**WORK TASK**
If a line in the material below has the string "Blue", copy it out.

**DATA SUPPLIED**
▼▼▼

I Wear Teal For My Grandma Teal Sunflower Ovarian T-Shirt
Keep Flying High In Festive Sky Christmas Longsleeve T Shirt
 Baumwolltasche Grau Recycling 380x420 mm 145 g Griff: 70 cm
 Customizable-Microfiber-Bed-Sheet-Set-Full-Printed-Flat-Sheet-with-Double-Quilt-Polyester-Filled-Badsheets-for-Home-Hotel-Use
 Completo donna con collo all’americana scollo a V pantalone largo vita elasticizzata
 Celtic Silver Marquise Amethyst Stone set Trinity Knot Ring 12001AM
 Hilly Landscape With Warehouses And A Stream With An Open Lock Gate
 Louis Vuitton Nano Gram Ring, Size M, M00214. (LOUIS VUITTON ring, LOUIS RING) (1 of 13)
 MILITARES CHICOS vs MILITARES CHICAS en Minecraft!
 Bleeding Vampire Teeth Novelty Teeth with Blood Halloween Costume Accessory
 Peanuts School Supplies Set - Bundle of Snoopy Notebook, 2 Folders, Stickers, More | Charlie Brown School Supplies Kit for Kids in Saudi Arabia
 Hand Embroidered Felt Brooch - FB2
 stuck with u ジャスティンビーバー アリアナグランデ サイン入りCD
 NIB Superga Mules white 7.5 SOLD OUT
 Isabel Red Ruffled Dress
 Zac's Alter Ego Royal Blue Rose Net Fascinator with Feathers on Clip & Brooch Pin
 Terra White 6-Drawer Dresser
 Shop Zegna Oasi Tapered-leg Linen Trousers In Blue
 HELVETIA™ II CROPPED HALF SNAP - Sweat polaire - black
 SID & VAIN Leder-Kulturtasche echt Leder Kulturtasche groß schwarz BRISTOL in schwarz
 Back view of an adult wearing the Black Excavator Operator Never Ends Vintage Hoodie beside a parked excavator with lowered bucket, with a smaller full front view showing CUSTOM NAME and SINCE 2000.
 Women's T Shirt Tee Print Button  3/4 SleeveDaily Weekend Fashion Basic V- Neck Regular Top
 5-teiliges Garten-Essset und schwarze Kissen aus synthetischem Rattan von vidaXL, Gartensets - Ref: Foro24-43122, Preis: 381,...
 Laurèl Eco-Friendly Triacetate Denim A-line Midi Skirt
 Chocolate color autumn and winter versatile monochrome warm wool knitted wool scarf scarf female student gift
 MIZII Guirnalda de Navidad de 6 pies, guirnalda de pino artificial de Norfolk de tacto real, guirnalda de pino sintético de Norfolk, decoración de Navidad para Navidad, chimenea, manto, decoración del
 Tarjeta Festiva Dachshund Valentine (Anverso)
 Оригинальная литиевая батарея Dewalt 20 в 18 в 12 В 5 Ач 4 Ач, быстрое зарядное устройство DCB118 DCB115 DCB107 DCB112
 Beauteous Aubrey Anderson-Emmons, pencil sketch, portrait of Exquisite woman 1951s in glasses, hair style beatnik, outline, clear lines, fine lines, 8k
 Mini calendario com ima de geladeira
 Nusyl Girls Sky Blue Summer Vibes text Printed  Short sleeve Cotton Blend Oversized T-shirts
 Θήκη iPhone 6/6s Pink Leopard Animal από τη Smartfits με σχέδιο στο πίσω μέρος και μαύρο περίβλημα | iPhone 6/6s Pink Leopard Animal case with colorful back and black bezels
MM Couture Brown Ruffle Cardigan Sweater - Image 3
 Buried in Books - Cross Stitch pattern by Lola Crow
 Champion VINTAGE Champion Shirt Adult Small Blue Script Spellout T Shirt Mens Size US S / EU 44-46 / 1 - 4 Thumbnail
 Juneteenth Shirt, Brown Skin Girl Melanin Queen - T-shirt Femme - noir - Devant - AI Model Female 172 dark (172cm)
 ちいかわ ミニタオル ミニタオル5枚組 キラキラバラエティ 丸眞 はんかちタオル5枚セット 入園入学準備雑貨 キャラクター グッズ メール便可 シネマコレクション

▲▲▲

**EXERCISE RESULT**
 Zac's Alter Ego Royal Blue Rose Net Fascinator with Feathers on Clip & Brooch Pin
 Shop Zegna Oasi Tapered-leg Linen Trousers In Blue
 Nusyl Girls Sky Blue Summer Vibes text Printed  Short sleeve Cotton Blend Oversized T-shirts
 Champion VINTAGE Champion Shirt Adult Small Blue Script Spellout T Shirt Mens Size US S / EU 44-46 / 1 - 4 Thumbnail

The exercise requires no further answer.